Mariano Bruno, Lipari's mayor, says the vote does not amount to a green light for bulldozers and cement-mixers. The projects will be submitted to further scrutiny to determine whether they are compatible with the island's planning laws, he told Corriere della Sera. People have already invested heavily and a lot of money is at stake, he explained. Mr Bruno said he would organise a conference to examine the true scope of the projects and reassure the public that the island's natural beauty is not about to be scarred. "I will invite the Culture Minister and all the local officials who have railed against these development plans," he said. But he wouldn't be drawn on the conflict of interests facing his environment councillor, who also happens to own one of the development sites. "Now we're getting into the realm of personal ethics ... I certainly can't tell my councillors that they can't be entrepreneurs," he said.

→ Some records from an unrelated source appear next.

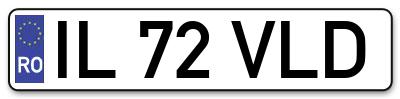 Placuta inmatriculare numar auto  IL-72-VLD, IL 72 VLD, IL72VLD
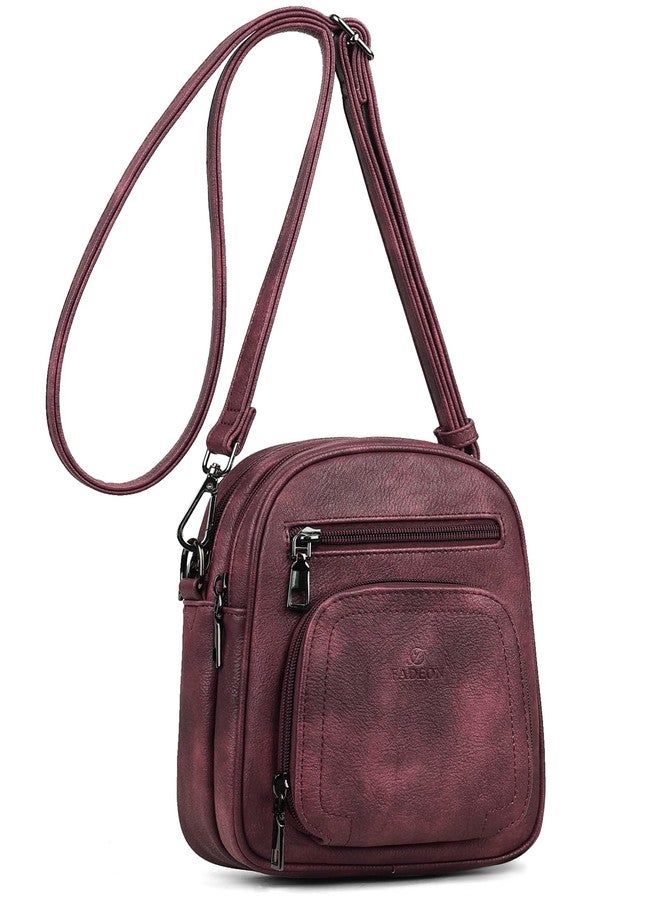 FADEON Mini Crossbody Bags Purses for Women Small Cross Body Purse, Designer Crossbody Purse Shoulder Bag Card Slot Red - Image 1
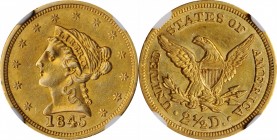 Liberty Head Quarter Eagle

1845 Liberty Head Quarter Eagle. AU-58 (NGC).

PCGS# 7737. NGC ID: 25GW.

From the Steve Studer Collection.

Estim...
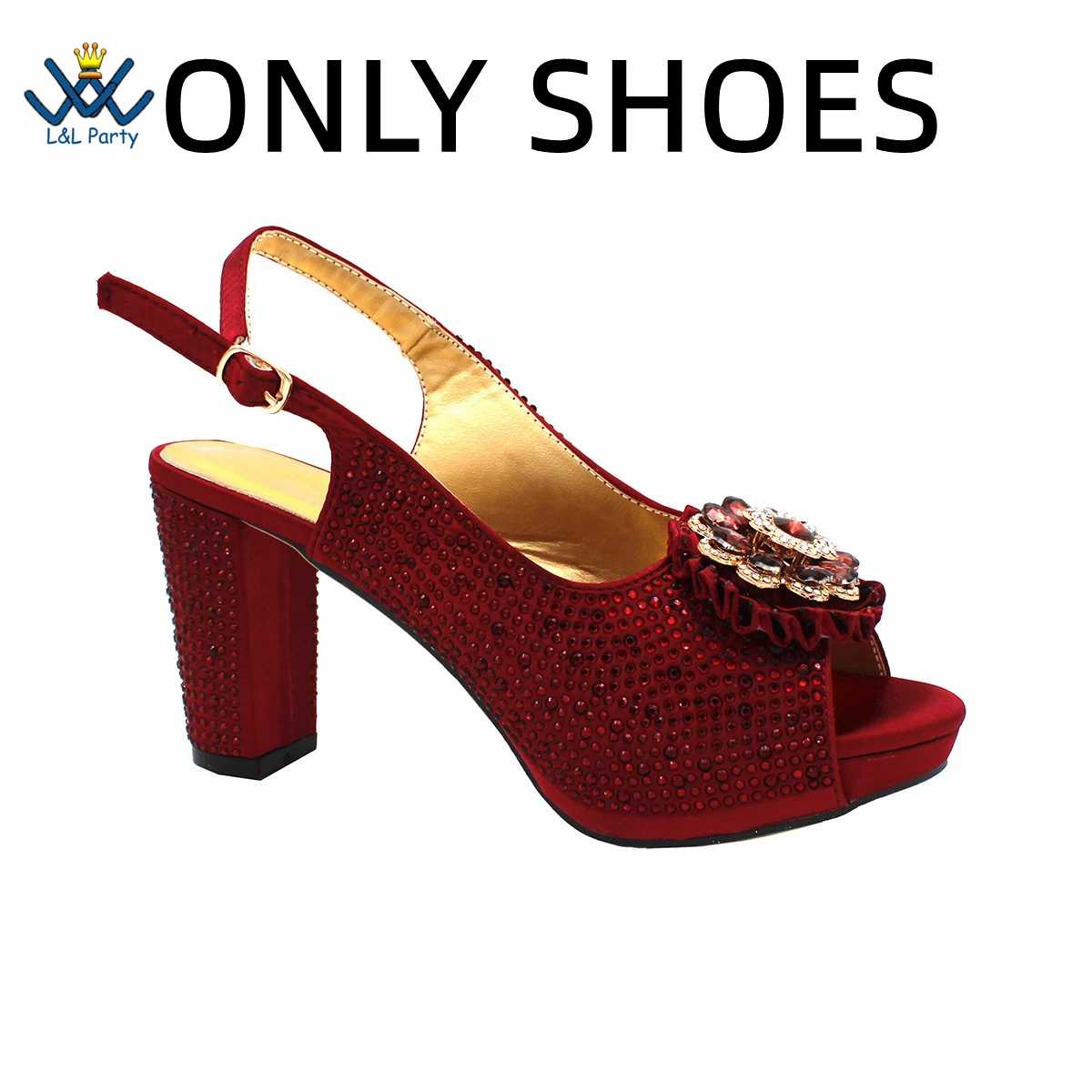 Elegant Magenta Crystal Party Sandals – Luxury African-Style Women’s Matching Shoe and Bag Set - Image 8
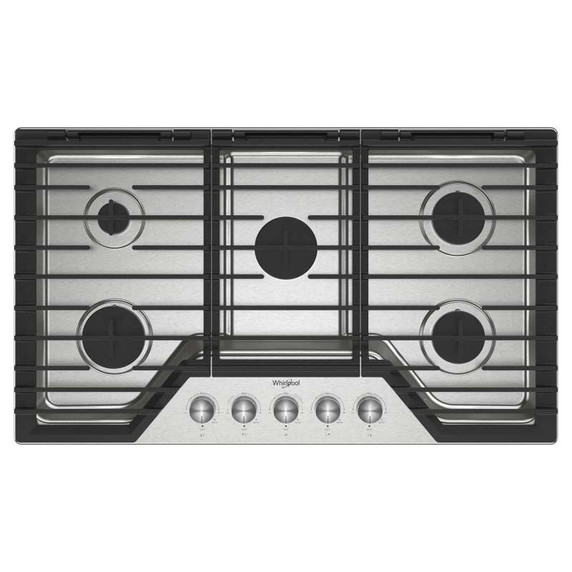 Whirlpool® 36-inch Gas Cooktop with Fifth Burner WCGK7036PS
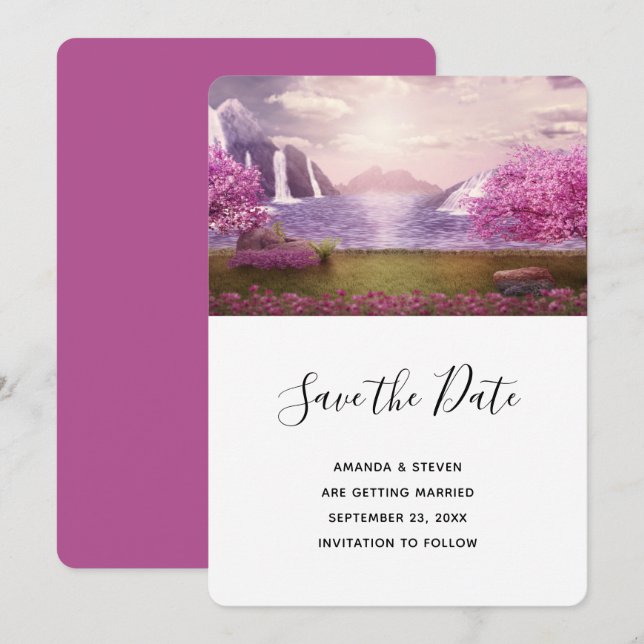 Waterfalls & Cherry Trees around a Lake Wedding Save The Date (Front/Back)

Opponents of the new law say it will open the door to large-scale developments and destroy the rustic charm of the islands, where many families round up incomes by letting spare rooms. Green Party members have denounced the law as the intolerable result of an anomalous vote held at an anomalous hour which could destroy "one of the most beautiful natural environments in the world". Even the president of the Sicilian regional council, Salvatore Cuffaro, acknowledges that his mutinous troops have gone too far and has called a meeting of his centre-right coalition for today to discuss ways of repairing the harm.

Not everyone is critical, however. Supporters say the law will not produce eye-sores but discreet low-rise buildings hidden by vegetation and contours. One such is Pietro Franza, the owner of Messina football club. Mr Franza, who also owns a ferry company and around 20 hotels - one on Vulcano - says plans for modest development have been blocked by an unduly severe planning law imposed from on high. "It's right to prevent the building of monstrosities but it's a mistake to prevent 'sustainable development', to use a term popular in Europe," he said.

The last of the eight projects is on the north coast of Vulcano, still active and named after the Roman god of fire. Here, the plan is for a new hotel and thermal baths to exploit the hot volcanic mud. One of the three mouths of the volcano still emits gases, but Vulcano has had no major eruptions since 1890, when large blocks of lava were showered on to neighbouring Lipari.

Pliny the Elder described how an underwater eruption gave rise to the island of Vulcanello in 183bc. Some 500 years later, the new island joined its older brother, Vulcano, testimony to the dynamism of the Aeolian zone. That the area is continually moving was shown again in December 2002, when part of the flank of Stromboli broke off and slithered into the sea, setting off a tidal wave felt onthe mainland. The event was an alarm for those living on the island, particularly those in the hamlet of Ginostra: population 20. The village has neither police station nor church and the grocer doesn't like crowds: customers must take a number and wait their turn outside, to avoid creating confusion inside the shop.

The dilemma for the Aeolian Islands, which take their name from the Greek god of the winds, is to marry sustainable development with a fragile ecosystem in the age of mass tourism. The islands have never had difficulty in attracting visitors since Odysseus dropped in on his way home from the Trojan war. A natural film set, they have long captivated cinema audiences. Ingrid Bergman was wooed by Roberto Rossellini during the making of Stromboli and an angry Anna Magnani, the woman he spurned, retaliated by making Vulcano with the German director William Dieterle.

With this kind of backdrop there is no problem in drawing a crowd. The problem is finding somewhere to put them and ensuring that they haven't trampled the islands' mystique into volcanic dust by the time they leave. There is little doubt that more people could live on the islands. They boasted a resident population of 20,000 in 1891, but the effect of the Phylloxera fly in devastating vineyards and then an economic slump caused almost half the islanders to move - mainly to America and Australia. Few people seem to believe, though, that the Sicilian regional assembly struck the right balance over managing any influx in last week's nocturnal legislation.